3) Enfin, éviter systématiquement l'émotion n'est pas forcément la pratique de certains philosophes dans l'histoire de la philosophie, qui cherchent volontairement et méthodiquement la confrontation des idées au risque de déplaire, comme Socrate par sa maïeutique, ou Diogène par ses provocations verbales ou gestuelles. On retrouve aujourd'hui des attitudes qui se réclament volontiers de cette "rudesse philosophique", d'un "corps à corps des idées" dans le style de certains animateurs d'atelier philo, de café philo ou de consultation philosophique (ex : Oscar Brénifier), dont la méthode, qui se veut pourtant rationnelle, provoque parfois une vive émotion, lorsqu'elle met en difficulté la cohérence des propos de l'interlocuteur et lui fait perdre la face. C'est le prix à payer pensent-ils pour sortir de la caverne, éviter la "moraline" (Nietzsche) et apprendre à cultiver la rigueur de la pensée en passant au tamis roboratif d'un questionnement incisif.

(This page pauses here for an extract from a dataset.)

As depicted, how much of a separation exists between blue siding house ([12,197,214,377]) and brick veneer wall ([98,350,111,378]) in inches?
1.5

C) Toute la question est là : savoir articuler la raison et l'émotion

1) Il faudrait peut-être éviter d'ostraciser les émotions dans la recherche et les discussions, comme nous le recommande toute une tradition philosophique intellectualiste (ex. Platon et Descartes), pour laquelle elles sont un obstacle à la connaissance rationnelle (parce qu'elles nous aveuglent en troublant notre jugement), et à la sagesse pratique (parce qu'elles dérèglent par la passion notre comportement5). Elles sont le socle de notre motivation, car étymologiquement et physiologiquement elles nous meuvent. Génératrices d'énergie, elles rendent sensible, vivante et joyeuse une idée, lui donnent chair, corporéité. Elles font que nous tenons à ce que nous pensons, que nous prenons au sérieux notre pensée, qui n'est pas un simple jeu intellectuel et rhétorique, mais un engagement vers le vrai et le juste.

2) Mais pour porter leurs fruits, elles doivent être régulées, canalisées. Sinon le rapport de sens qui devrait seul présider à l'échange philosophique peut tourner au rapport de force. Certes il est par exemple frustrant pour le désir d'expression d'attendre son tour pour parler. Surtout quand on nous fait une objection, qui forcément nous affecte et demande réponse que l'on voudrait immédiate. Et il est coûteux de garder en mémoire ce que l'on a à dire. Ou rageant d'être en décalage avec le dernier propos tenu entre-temps.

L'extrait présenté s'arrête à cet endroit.